ACTIVITY »
Restate all of the entries verbatim.

DATA EXTRACT »
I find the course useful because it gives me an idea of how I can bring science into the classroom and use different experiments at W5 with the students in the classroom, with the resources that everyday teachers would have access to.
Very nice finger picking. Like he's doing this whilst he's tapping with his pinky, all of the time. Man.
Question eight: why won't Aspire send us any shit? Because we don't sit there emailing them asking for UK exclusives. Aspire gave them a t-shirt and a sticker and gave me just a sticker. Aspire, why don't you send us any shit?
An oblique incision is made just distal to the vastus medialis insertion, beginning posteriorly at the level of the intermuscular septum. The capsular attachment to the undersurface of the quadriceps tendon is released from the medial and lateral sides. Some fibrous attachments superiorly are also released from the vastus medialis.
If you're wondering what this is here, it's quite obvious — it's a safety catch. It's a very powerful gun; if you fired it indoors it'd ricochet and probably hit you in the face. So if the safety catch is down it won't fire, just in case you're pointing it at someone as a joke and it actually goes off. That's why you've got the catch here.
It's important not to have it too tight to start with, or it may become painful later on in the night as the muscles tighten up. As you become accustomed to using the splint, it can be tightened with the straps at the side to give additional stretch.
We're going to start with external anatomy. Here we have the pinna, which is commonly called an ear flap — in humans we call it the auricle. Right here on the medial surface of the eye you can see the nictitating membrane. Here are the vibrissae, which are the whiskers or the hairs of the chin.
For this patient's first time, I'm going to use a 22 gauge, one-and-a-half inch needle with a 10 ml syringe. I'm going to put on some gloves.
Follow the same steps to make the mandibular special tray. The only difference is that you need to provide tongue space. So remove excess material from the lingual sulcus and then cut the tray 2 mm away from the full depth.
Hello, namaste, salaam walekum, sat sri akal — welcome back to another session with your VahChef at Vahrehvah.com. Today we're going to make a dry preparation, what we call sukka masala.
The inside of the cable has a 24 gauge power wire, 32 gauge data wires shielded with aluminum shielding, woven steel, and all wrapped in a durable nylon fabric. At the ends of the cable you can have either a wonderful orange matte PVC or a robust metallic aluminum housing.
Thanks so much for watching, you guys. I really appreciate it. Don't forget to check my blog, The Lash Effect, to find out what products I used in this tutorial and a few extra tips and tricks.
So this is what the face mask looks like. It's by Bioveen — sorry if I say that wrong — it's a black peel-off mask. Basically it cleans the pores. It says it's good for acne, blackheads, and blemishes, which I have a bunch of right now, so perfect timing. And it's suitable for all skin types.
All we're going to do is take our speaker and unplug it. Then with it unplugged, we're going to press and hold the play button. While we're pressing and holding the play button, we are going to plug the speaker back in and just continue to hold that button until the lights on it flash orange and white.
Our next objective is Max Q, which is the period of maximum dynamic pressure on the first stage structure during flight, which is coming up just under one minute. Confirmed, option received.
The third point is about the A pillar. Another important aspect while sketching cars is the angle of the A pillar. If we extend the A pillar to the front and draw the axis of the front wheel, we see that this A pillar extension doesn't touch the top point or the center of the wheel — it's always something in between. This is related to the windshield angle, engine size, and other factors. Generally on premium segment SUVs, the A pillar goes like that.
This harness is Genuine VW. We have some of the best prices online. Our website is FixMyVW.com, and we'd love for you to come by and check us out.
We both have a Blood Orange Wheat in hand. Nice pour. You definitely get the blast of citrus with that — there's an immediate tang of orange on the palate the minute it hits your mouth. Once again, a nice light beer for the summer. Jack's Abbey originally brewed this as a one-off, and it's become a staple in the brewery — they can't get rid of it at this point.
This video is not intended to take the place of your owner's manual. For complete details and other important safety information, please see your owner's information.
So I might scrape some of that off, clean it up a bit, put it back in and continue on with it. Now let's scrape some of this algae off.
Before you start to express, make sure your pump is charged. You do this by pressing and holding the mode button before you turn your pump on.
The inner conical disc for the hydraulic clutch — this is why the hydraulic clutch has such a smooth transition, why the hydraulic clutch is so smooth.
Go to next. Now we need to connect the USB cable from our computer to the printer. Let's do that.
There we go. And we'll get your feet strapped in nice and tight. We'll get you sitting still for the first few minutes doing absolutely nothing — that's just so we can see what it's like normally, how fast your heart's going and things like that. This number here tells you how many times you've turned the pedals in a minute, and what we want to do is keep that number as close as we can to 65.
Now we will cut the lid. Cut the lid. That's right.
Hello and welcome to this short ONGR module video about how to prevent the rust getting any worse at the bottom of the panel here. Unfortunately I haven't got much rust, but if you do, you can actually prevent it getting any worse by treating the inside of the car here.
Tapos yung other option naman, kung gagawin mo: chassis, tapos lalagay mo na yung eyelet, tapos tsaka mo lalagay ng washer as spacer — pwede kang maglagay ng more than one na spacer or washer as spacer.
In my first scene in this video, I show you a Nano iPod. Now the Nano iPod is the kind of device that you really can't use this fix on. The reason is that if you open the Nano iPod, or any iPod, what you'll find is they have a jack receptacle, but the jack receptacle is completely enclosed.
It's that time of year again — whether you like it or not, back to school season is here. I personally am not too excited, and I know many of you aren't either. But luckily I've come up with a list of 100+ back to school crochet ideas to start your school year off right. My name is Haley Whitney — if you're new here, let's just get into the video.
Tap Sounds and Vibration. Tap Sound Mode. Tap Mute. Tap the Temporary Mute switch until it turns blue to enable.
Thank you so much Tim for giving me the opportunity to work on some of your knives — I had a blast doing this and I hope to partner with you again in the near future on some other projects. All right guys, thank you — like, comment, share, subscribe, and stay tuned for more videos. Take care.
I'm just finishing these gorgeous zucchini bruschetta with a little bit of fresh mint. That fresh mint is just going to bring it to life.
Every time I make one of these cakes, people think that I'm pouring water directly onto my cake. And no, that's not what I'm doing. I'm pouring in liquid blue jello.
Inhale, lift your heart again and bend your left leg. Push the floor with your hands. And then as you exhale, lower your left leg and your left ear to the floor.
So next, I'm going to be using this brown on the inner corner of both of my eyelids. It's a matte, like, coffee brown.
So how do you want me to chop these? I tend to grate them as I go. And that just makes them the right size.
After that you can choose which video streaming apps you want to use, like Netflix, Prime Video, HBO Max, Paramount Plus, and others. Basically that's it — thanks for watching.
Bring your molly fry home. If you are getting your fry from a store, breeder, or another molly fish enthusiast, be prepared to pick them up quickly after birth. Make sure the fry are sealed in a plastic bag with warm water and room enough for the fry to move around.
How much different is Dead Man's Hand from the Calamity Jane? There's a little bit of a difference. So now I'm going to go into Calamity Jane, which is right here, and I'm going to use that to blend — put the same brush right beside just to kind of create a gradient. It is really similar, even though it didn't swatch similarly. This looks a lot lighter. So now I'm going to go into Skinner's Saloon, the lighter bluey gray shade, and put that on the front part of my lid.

WRITTEN SOLUTION »
I find the course useful because it gives me an idea of how I can bring science into the classroom and use different experiments at W5 with the students in the classroom, with the resources that everyday teachers would have access to.
Very nice finger picking. Like he's doing this whilst he's tapping with his pinky, all of the time. Man.
Question eight: why won't Aspire send us any shit? Because we don't sit there emailing them asking for UK exclusives. Aspire gave them a t-shirt and a sticker and gave me just a sticker. Aspire, why don't you send us any shit?
An oblique incision is made just distal to the vastus medialis insertion, beginning posteriorly at the level of the intermuscular septum. The capsular attachment to the undersurface of the quadriceps tendon is released from the medial and lateral sides. Some fibrous attachments superiorly are also released from the vastus medialis.
If you're wondering what this is here, it's quite obvious — it's a safety catch. It's a very powerful gun; if you fired it indoors it'd ricochet and probably hit you in the face. So if the safety catch is down it won't fire, just in case you're pointing it at someone as a joke and it actually goes off. That's why you've got the catch here.
It's important not to have it too tight to start with, or it may become painful later on in the night as the muscles tighten up. As you become accustomed to using the splint, it can be tightened with the straps at the side to give additional stretch.
We're going to start with external anatomy. Here we have the pinna, which is commonly called an ear flap — in humans we call it the auricle. Right here on the medial surface of the eye you can see the nictitating membrane. Here are the vibrissae, which are the whiskers or the hairs of the chin.
For this patient's first time, I'm going to use a 22 gauge, one-and-a-half inch needle with a 10 ml syringe. I'm going to put on some gloves.
Follow the same steps to make the mandibular special tray. The only difference is that you need to provide tongue space. So remove excess material from the lingual sulcus and then cut the tray 2 mm away from the full depth.
Hello, namaste, salaam walekum, sat sri akal — welcome back to another session with your VahChef at Vahrehvah.com. Today we're going to make a dry preparation, what we call sukka masala.
The inside of the cable has a 24 gauge power wire, 32 gauge data wires shielded with aluminum shielding, woven steel, and all wrapped in a durable nylon fabric. At the ends of the cable you can have either a wonderful orange matte PVC or a robust metallic aluminum housing.
Thanks so much for watching, you guys. I really appreciate it. Don't forget to check my blog, The Lash Effect, to find out what products I used in this tutorial and a few extra tips and tricks.
So this is what the face mask looks like. It's by Bioveen — sorry if I say that wrong — it's a black peel-off mask. Basically it cleans the pores. It says it's good for acne, blackheads, and blemishes, which I have a bunch of right now, so perfect timing. And it's suitable for all skin types.
All we're going to do is take our speaker and unplug it. Then with it unplugged, we're going to press and hold the play button. While we're pressing and holding the play button, we are going to plug the speaker back in and just continue to hold that button until the lights on it flash orange and white.
Our next objective is Max Q, which is the period of maximum dynamic pressure on the first stage structure during flight, which is coming up just under one minute. Confirmed, option received.
The third point is about the A pillar. Another important aspect while sketching cars is the angle of the A pillar. If we extend the A pillar to the front and draw the axis of the front wheel, we see that this A pillar extension doesn't touch the top point or the center of the wheel — it's always something in between. This is related to the windshield angle, engine size, and other factors. Generally on premium segment SUVs, the A pillar goes like that.
This harness is Genuine VW. We have some of the best prices online. Our website is FixMyVW.com, and we'd love for you to come by and check us out.
We both have a Blood Orange Wheat in hand. Nice pour. You definitely get the blast of citrus with that — there's an immediate tang of orange on the palate the minute it hits your mouth. Once again, a nice light beer for the summer. Jack's Abbey originally brewed this as a one-off, and it's become a staple in the brewery — they can't get rid of it at this point.
This video is not intended to take the place of your owner's manual. For complete details and other important safety information, please see your owner's information.
So I might scrape some of that off, clean it up a bit, put it back in and continue on with it. Now let's scrape some of this algae off.
Before you start to express, make sure your pump is charged. You do this by pressing and holding the mode button before you turn your pump on.
The inner conical disc for the hydraulic clutch — this is why the hydraulic clutch has such a smooth transition, why the hydraulic clutch is so smooth.
Go to next. Now we need to connect the USB cable from our computer to the printer. Let's do that.
There we go. And we'll get your feet strapped in nice and tight. We'll get you sitting still for the first few minutes doing absolutely nothing — that's just so we can see what it's like normally, how fast your heart's going and things like that. This number here tells you how many times you've turned the pedals in a minute, and what we want to do is keep that number as close as we can to 65.
Now we will cut the lid. Cut the lid. That's right.
Hello and welcome to this short ONGR module video about how to prevent the rust getting any worse at the bottom of the panel here. Unfortunately I haven't got much rust, but if you do, you can actually prevent it getting any worse by treating the inside of the car here.
Tapos yung other option naman, kung gagawin mo: chassis, tapos lalagay mo na yung eyelet, tapos tsaka mo lalagay ng washer as spacer — pwede kang maglagay ng more than one na spacer or washer as spacer.
In my first scene in this video, I show you a Nano iPod. Now the Nano iPod is the kind of device that you really can't use this fix on. The reason is that if you open the Nano iPod, or any iPod, what you'll find is they have a jack receptacle, but the jack receptacle is completely enclosed.
It's that time of year again — whether you like it or not, back to school season is here. I personally am not too excited, and I know many of you aren't either. But luckily I've come up with a list of 100+ back to school crochet ideas to start your school year off right. My name is Haley Whitney — if you're new here, let's just get into the video.
Tap Sounds and Vibration. Tap Sound Mode. Tap Mute. Tap the Temporary Mute switch until it turns blue to enable.
Thank you so much Tim for giving me the opportunity to work on some of your knives — I had a blast doing this and I hope to partner with you again in the near future on some other projects. All right guys, thank you — like, comment, share, subscribe, and stay tuned for more videos. Take care.
I'm just finishing these gorgeous zucchini bruschetta with a little bit of fresh mint. That fresh mint is just going to bring it to life.
Every time I make one of these cakes, people think that I'm pouring water directly onto my cake. And no, that's not what I'm doing. I'm pouring in liquid blue jello.
Inhale, lift your heart again and bend your left leg. Push the floor with your hands. And then as you exhale, lower your left leg and your left ear to the floor.
So next, I'm going to be using this brown on the inner corner of both of my eyelids. It's a matte, like, coffee brown.
So how do you want me to chop these? I tend to grate them as I go. And that just makes them the right size.
After that you can choose which video streaming apps you want to use, like Netflix, Prime Video, HBO Max, Paramount Plus, and others. Basically that's it — thanks for watching.
Bring your molly fry home. If you are getting your fry from a store, breeder, or another molly fish enthusiast, be prepared to pick them up quickly after birth. Make sure the fry are sealed in a plastic bag with warm water and room enough for the fry to move around.
How much different is Dead Man's Hand from the Calamity Jane? There's a little bit of a difference. So now I'm going to go into Calamity Jane, which is right here, and I'm going to use that to blend — put the same brush right beside just to kind of create a gradient. It is really similar, even though it didn't swatch similarly. This looks a lot lighter. So now I'm going to go into Skinner's Saloon, the lighter bluey gray shade, and put that on the front part of my lid.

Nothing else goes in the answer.